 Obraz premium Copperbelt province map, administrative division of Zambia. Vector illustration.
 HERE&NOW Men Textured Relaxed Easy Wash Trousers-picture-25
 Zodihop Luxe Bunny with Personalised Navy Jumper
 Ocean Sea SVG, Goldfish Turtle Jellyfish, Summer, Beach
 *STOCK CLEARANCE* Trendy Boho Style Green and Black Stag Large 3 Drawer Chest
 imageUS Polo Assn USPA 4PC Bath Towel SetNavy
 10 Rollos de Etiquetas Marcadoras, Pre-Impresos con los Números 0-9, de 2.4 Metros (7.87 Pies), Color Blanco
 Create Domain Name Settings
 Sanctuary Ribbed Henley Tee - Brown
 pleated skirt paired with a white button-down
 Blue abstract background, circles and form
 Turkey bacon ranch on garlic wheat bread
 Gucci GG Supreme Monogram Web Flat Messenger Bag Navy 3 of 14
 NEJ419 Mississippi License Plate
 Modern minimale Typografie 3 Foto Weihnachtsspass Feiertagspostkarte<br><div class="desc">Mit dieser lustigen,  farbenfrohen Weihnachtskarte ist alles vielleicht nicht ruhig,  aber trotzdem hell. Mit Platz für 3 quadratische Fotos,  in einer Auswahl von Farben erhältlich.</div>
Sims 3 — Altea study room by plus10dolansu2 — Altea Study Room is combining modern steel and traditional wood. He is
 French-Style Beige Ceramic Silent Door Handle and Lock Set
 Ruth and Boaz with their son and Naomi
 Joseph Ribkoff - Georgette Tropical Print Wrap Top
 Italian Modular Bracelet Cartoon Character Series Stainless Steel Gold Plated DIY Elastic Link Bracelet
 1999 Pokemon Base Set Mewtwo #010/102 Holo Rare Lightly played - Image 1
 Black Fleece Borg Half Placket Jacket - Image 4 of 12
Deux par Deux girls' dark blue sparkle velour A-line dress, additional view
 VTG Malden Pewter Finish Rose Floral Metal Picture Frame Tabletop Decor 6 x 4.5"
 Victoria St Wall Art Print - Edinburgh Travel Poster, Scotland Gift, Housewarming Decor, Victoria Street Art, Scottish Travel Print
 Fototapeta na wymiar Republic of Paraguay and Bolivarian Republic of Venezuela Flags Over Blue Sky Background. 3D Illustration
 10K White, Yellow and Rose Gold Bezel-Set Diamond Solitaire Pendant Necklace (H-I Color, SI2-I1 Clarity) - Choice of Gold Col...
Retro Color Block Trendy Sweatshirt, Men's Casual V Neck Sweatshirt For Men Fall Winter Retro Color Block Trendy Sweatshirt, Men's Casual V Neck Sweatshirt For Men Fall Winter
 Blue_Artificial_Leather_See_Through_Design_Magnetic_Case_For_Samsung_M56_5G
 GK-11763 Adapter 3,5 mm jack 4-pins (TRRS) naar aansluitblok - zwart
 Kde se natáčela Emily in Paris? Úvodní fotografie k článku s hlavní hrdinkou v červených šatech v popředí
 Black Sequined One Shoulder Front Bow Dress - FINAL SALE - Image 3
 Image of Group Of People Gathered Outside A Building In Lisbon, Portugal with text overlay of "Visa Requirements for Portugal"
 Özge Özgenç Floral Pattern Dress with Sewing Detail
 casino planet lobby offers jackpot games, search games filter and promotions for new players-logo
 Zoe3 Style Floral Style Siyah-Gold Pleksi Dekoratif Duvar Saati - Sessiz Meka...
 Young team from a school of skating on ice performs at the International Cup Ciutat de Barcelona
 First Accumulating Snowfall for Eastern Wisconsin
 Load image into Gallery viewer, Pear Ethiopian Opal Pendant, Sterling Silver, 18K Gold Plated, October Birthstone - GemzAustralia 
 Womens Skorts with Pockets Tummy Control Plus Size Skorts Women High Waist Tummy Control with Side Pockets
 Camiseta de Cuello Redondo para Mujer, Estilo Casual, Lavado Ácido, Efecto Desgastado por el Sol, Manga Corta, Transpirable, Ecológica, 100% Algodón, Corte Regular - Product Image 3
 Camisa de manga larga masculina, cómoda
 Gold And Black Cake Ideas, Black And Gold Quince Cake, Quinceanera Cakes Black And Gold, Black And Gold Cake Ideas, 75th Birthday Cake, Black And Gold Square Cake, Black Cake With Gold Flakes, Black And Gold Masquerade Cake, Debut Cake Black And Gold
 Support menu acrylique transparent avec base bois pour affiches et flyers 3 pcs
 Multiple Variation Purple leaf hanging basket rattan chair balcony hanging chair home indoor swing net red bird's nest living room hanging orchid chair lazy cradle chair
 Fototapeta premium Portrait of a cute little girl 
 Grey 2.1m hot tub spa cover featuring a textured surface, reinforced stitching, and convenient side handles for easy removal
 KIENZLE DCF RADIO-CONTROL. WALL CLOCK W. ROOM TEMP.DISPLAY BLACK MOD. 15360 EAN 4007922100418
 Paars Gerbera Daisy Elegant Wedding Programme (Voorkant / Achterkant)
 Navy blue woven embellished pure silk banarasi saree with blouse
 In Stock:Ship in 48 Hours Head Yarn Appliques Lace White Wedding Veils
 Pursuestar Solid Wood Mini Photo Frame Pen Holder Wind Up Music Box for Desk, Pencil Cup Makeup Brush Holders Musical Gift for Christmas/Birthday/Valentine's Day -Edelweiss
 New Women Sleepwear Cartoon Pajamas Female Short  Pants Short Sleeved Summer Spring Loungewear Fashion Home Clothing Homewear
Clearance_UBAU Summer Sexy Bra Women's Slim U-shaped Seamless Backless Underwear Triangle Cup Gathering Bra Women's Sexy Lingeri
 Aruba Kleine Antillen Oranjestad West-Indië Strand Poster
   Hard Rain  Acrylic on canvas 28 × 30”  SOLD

──────────────────────────────

Assigned task:
Every line above should be written out again, unchanged.

Exercise solution:
 Obraz premium Copperbelt province map, administrative division of Zambia. Vector illustration.
 HERE&NOW Men Textured Relaxed Easy Wash Trousers-picture-25
 Zodihop Luxe Bunny with Personalised Navy Jumper
 Ocean Sea SVG, Goldfish Turtle Jellyfish, Summer, Beach
 *STOCK CLEARANCE* Trendy Boho Style Green and Black Stag Large 3 Drawer Chest
 imageUS Polo Assn USPA 4PC Bath Towel SetNavy
 10 Rollos de Etiquetas Marcadoras, Pre-Impresos con los Números 0-9, de 2.4 Metros (7.87 Pies), Color Blanco
 Create Domain Name Settings
 Sanctuary Ribbed Henley Tee - Brown
 pleated skirt paired with a white button-down
 Blue abstract background, circles and form
 Turkey bacon ranch on garlic wheat bread
 Gucci GG Supreme Monogram Web Flat Messenger Bag Navy 3 of 14
 NEJ419 Mississippi License Plate
 Modern minimale Typografie 3 Foto Weihnachtsspass Feiertagspostkarte<br><div class="desc">Mit dieser lustigen,  farbenfrohen Weihnachtskarte ist alles vielleicht nicht ruhig,  aber trotzdem hell. Mit Platz für 3 quadratische Fotos,  in einer Auswahl von Farben erhältlich.</div>
Sims 3 — Altea study room by plus10dolansu2 — Altea Study Room is combining modern steel and traditional wood. He is
 French-Style Beige Ceramic Silent Door Handle and Lock Set
 Ruth and Boaz with their son and Naomi
 Joseph Ribkoff - Georgette Tropical Print Wrap Top
 Italian Modular Bracelet Cartoon Character Series Stainless Steel Gold Plated DIY Elastic Link Bracelet
 1999 Pokemon Base Set Mewtwo #010/102 Holo Rare Lightly played - Image 1
 Black Fleece Borg Half Placket Jacket - Image 4 of 12
Deux par Deux girls' dark blue sparkle velour A-line dress, additional view
 VTG Malden Pewter Finish Rose Floral Metal Picture Frame Tabletop Decor 6 x 4.5"
 Victoria St Wall Art Print - Edinburgh Travel Poster, Scotland Gift, Housewarming Decor, Victoria Street Art, Scottish Travel Print
 Fototapeta na wymiar Republic of Paraguay and Bolivarian Republic of Venezuela Flags Over Blue Sky Background. 3D Illustration
 10K White, Yellow and Rose Gold Bezel-Set Diamond Solitaire Pendant Necklace (H-I Color, SI2-I1 Clarity) - Choice of Gold Col...
Retro Color Block Trendy Sweatshirt, Men's Casual V Neck Sweatshirt For Men Fall Winter Retro Color Block Trendy Sweatshirt, Men's Casual V Neck Sweatshirt For Men Fall Winter
 Blue_Artificial_Leather_See_Through_Design_Magnetic_Case_For_Samsung_M56_5G
 GK-11763 Adapter 3,5 mm jack 4-pins (TRRS) naar aansluitblok - zwart
 Kde se natáčela Emily in Paris? Úvodní fotografie k článku s hlavní hrdinkou v červených šatech v popředí
 Black Sequined One Shoulder Front Bow Dress - FINAL SALE - Image 3
 Image of Group Of People Gathered Outside A Building In Lisbon, Portugal with text overlay of "Visa Requirements for Portugal"
 Özge Özgenç Floral Pattern Dress with Sewing Detail
 casino planet lobby offers jackpot games, search games filter and promotions for new players-logo
 Zoe3 Style Floral Style Siyah-Gold Pleksi Dekoratif Duvar Saati - Sessiz Meka...
 Young team from a school of skating on ice performs at the International Cup Ciutat de Barcelona
 First Accumulating Snowfall for Eastern Wisconsin
 Load image into Gallery viewer, Pear Ethiopian Opal Pendant, Sterling Silver, 18K Gold Plated, October Birthstone - GemzAustralia 
 Womens Skorts with Pockets Tummy Control Plus Size Skorts Women High Waist Tummy Control with Side Pockets
 Camiseta de Cuello Redondo para Mujer, Estilo Casual, Lavado Ácido, Efecto Desgastado por el Sol, Manga Corta, Transpirable, Ecológica, 100% Algodón, Corte Regular - Product Image 3
 Camisa de manga larga masculina, cómoda
 Gold And Black Cake Ideas, Black And Gold Quince Cake, Quinceanera Cakes Black And Gold, Black And Gold Cake Ideas, 75th Birthday Cake, Black And Gold Square Cake, Black Cake With Gold Flakes, Black And Gold Masquerade Cake, Debut Cake Black And Gold
 Support menu acrylique transparent avec base bois pour affiches et flyers 3 pcs
 Multiple Variation Purple leaf hanging basket rattan chair balcony hanging chair home indoor swing net red bird's nest living room hanging orchid chair lazy cradle chair
 Fototapeta premium Portrait of a cute little girl 
 Grey 2.1m hot tub spa cover featuring a textured surface, reinforced stitching, and convenient side handles for easy removal
 KIENZLE DCF RADIO-CONTROL. WALL CLOCK W. ROOM TEMP.DISPLAY BLACK MOD. 15360 EAN 4007922100418
 Paars Gerbera Daisy Elegant Wedding Programme (Voorkant / Achterkant)
 Navy blue woven embellished pure silk banarasi saree with blouse
 In Stock:Ship in 48 Hours Head Yarn Appliques Lace White Wedding Veils
 Pursuestar Solid Wood Mini Photo Frame Pen Holder Wind Up Music Box for Desk, Pencil Cup Makeup Brush Holders Musical Gift for Christmas/Birthday/Valentine's Day -Edelweiss
 New Women Sleepwear Cartoon Pajamas Female Short  Pants Short Sleeved Summer Spring Loungewear Fashion Home Clothing Homewear
Clearance_UBAU Summer Sexy Bra Women's Slim U-shaped Seamless Backless Underwear Triangle Cup Gathering Bra Women's Sexy Lingeri
 Aruba Kleine Antillen Oranjestad West-Indië Strand Poster
   Hard Rain  Acrylic on canvas 28 × 30”  SOLD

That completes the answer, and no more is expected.